Larry N. Gerston: Move for part-time legislature is just another power grab
Originally published in the San Jose Mercury News Dec. 17, 2011
By Larry N. Gerston
Special to the Mercury News
Few words are more abused than the term “reform,” which for many is a synonym for positive change or improvement. Now a group is circulating a constitutional amendment ballot initiative that would “reform” the state Legislature by turning it into a part-time body that would meet for no more than three months each year.

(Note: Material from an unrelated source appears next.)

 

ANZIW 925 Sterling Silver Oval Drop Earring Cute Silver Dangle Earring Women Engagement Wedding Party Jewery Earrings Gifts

Supporters say the new system would force the Legislature to be more laserlike in its policy-making responsibilities because of the limited time in which it would have to conduct its work. Knowing that they have to get back to their full-time jobs as soon as possible, legislators would move quickly in organizing their tasks for the year. As a result, a sometimes weary public would be more informed about the Legislature’s activities because of the compact time frame.
Who are they kidding?
Here’s what would really happen with a part-time Legislature. Policy makers of this branch would be all but crippled in their ability to understand complex issues and act on them. Hearings, research, meetings with various parties would be pushed aside in the name of expediency. Rather than act independently as an equal branch of government, the Legislature would depend on others with vastly more knowledge and institutional capabilities because of their permanence in Sacramento. And as for composition, only the very wealthy or retired people would be able to serve. Who else can take three months off their job every year and spend it in Sacramento?
To begin with, more power would accrue to the governor simply because of his year-round presence. With the Legislature absent most of the year, bureaucrats and lobbyists — neither elected — would negotiate with the governor day in and day out to carry out the “people’s” work (read the sarcasm). State issues don’t restrict their emergence to January through March of the year.

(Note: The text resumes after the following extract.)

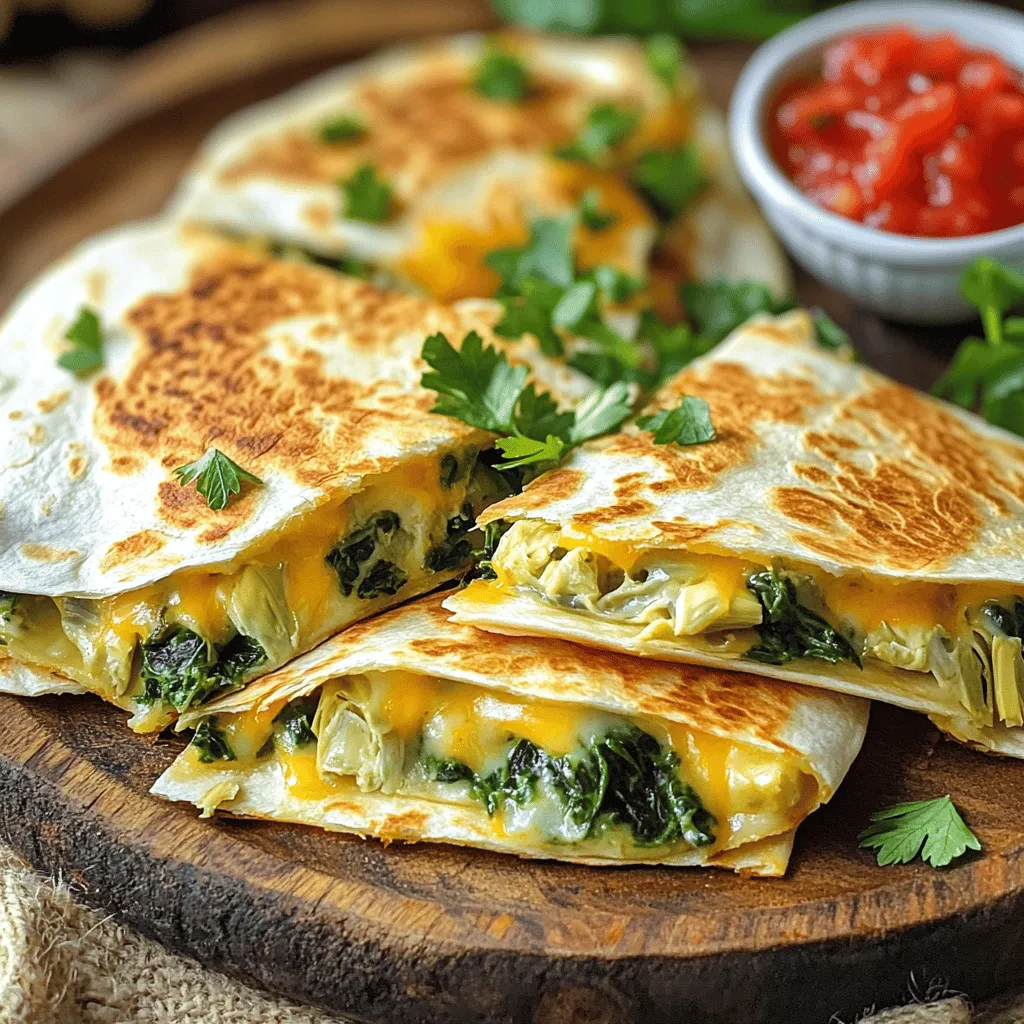 Cheesy Spinach Artichoke Quesadillas Tasty and Quick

Speaking of the bureaucracy, the institution so denounced for its isolation would become even more insulated and powerful because of its control of expertise, access to information and recommendations for managing it. There would be no meaningful legislative body to oversee bureaucratic activity.

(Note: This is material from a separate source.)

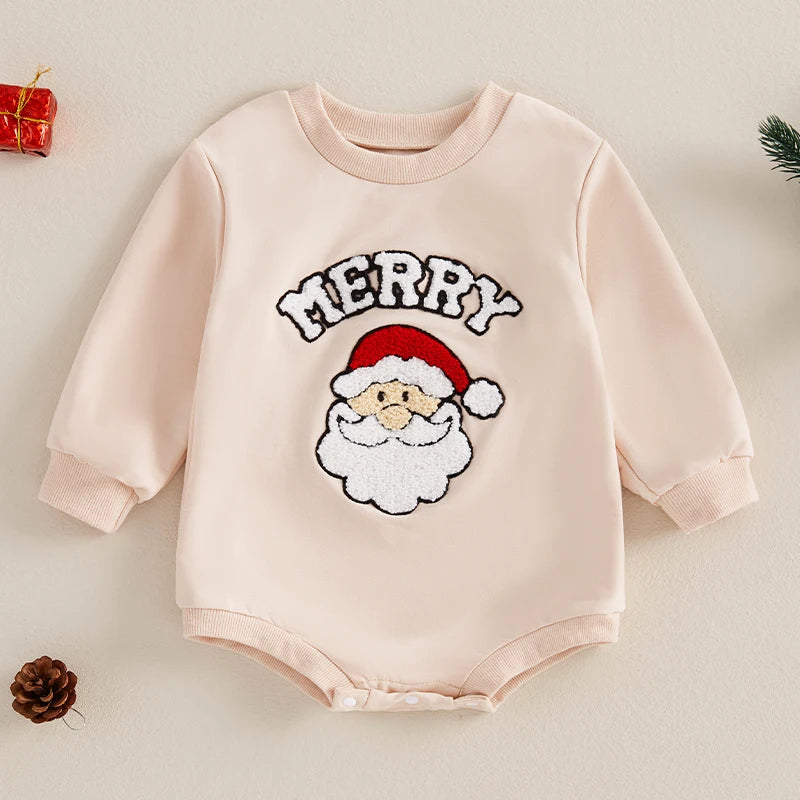 Christmas "Merry" Cartoon printed Santa baby romper. Long sleeve. 0-2 Years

But the real winners would be the special interests. Already possessing a wealth of influence through money and lobbyists, they would now have one less obstacle to keep them from having their way on issues that serve their members first and the public last. Last year, the Mercury News published a report showing how interest groups wrote about one-third of the bills “carried” by legislators during a recent two-year session. Imagine what would happen with a part-time Legislature. Interest groups would be like kids in a candy shop, with no grown-ups around to tell them to stop making pigs of themselves.
It’s easy to pick on the Legislature. The fact is that term limits and impossible thresholds for raising taxes greatly hinder legislators’ ability to do their work. Further, the ability of special interests to circumvent the Legislature with ballot initiatives adds to legislative impotence. No wonder gridlock seems so permanent in Sacramento. Reforms in these areas would do a lot more good for the state.
So the choice becomes this: Emasculate the Legislature, leaving power in the hands of unelected individuals accountable only to their own selfish interests, or empower the Legislature to do its work, with the voters judging them in each election. In a representative democracy, I vote for the latter.
Larry N. Gerston is professor of political science at San Jose State. His latest book, “Not So Golden After All: The Rise and Fall of California,” will be published by Taylor and Francis in spring 2012. He wrote this article for this newspaper.